◆ Work task
Return the full listing unchanged, excluding any images it contains.

◆ Supplied material

========

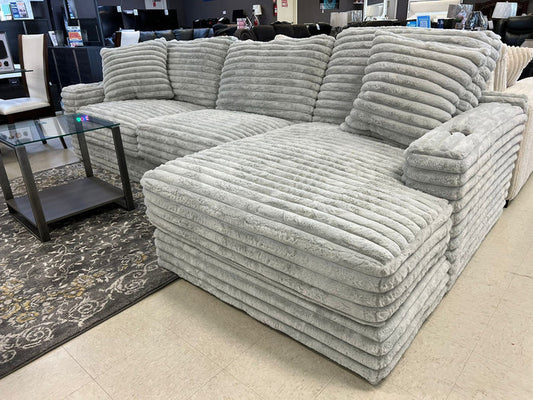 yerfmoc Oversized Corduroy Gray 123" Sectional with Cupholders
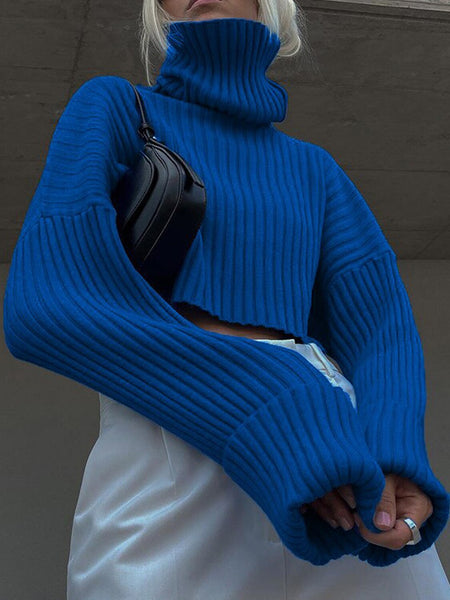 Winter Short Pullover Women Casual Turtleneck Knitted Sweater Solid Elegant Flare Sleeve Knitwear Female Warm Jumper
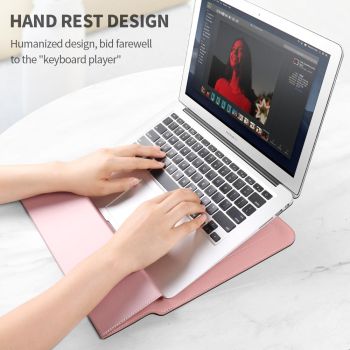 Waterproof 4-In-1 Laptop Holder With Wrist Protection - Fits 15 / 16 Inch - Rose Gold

========

◆ Task result
 yerfmoc Oversized Corduroy Gray 123" Sectional with Cupholders
 Winter Short Pullover Women Casual Turtleneck Knitted Sweater Solid Elegant Flare Sleeve Knitwear Female Warm Jumper
 Waterproof 4-In-1 Laptop Holder With Wrist Protection - Fits 15 / 16 Inch - Rose Gold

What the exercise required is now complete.